Auch das vielen bekannte Kriegsschiff Götzen wurde 1913 in der Meyer-Werft gebaut. Das Dampfschiff wurde zerlegt, in 5.000 Kisten in die Kolonie Deutsch-Ostafrika transportiert und verkehrt dort heute nach sehr bewegter Geschichte als Passagier- und Frachtschiff Liemba auf dem Tanganjikasee. Der Teil deutscher Kolonialgeschichte ist in dem Roman „Eine Frage der Zeit“ von Alex Capus wundervoll lebendig beschrieben und ein absoluter Buchtip. Einmal mit der Liemba zu fahren ist seit Jahren ein großer Traum von uns, den wir uns eines Tages erfüllen werden und von dem wir dann auch hier berichten werden. Bleibt also dran 😉
In den letzten Kriegswochen des 2. Weltkriegs wurde das Feuerschiff Elbe 1 von Werftmitarbeitern in der Elbe versenkt, um es vor den Luftangriffen der Alliierten zu schützen, nachdem der Bau sich seit 1939 wegen dem Stopp aller zivilen Schiffbauaufträge durch die Nationalsozialisten bereits viele Jahre dahingeschleppt hatte. Wenige Monate nach Kriegsende wurde die Elbe 1 gehoben, 1948 mit Genehmigung der Besatzungsmächte ausgeliefert und neun Jahre nach ihrem Baustart in Dienst gestellt. Seit 1988 gibt es keine Feuerschiffe mehr an der Elbmündung vor Cuxhaven und auch die Elbe 1 wurde außer Dienst gestellt. Nach dieser bewegten Geschicht ist die Elbe 1 heute ein Museumsschiff.

1976 wurde das Werftgelände zu klein und der Zugang zur Elbe zu schmal für den Grossauftrag russischer Gastanker. Das Unternehmen zog um auf das heutige Gelände. 1985 baute die Mayer-Werft ihr erstes Kreuzfahrtschiff und ist heute einer der Weltmarktführer in diesem Segment.
In Papenburg arbeiten nur 3.450 feste Mitarbeiter – wir finden das unglaublich wenig für die Anzahl der Schiffe, die jedes Jahr die Werft verlassen. Wir finden es auch spannend, dass die Werft bereits 19 Monate nach Beauftragung mit dem Bau eines Kreuzfahrtschiffs beginnt und es bereits nach 36 Monaten ab Auftrag ausliefert. Die Entwicklung eines weitaus weniger komplexen Autos dauert länger – zumindest bei allen etablierten europäischen OEMs.

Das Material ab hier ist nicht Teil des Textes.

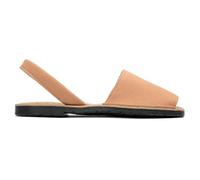 V.GAN Vegan Rambu Menorcan Sandals UK 4 Light Pink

Auf der selbstgeführten Tour können wir auch einen Blick in die größte überdachte Schiffsbauhalle der Welt werfen. Hier werden parallel zwei Schiffe gebaut. Mit einer Höhe von 75 Metern würden das Brandenburger Tor und der Reichstag übereinander in die Halle passen. Der größte Kran in der Halle kann 800 Tonnen heben, was 150 ausgewachsenen Elefanten entspricht. Mit diesem Kran werden vorgefertigte Elemente, z.B. komplette Kabinenmodule oder die gesamte Brückensektion auf die Schiffsbasis gehoben.

Insgesamt ist die Tour interessant und wirklich gut gemacht. Wir sind extrem beeindruckt und haben viel gelernt in den 1 1/2 Stunden. Der Besuch der Werft ist ein absoluter Tipp für alle, die in der Nähe Urlaub machen.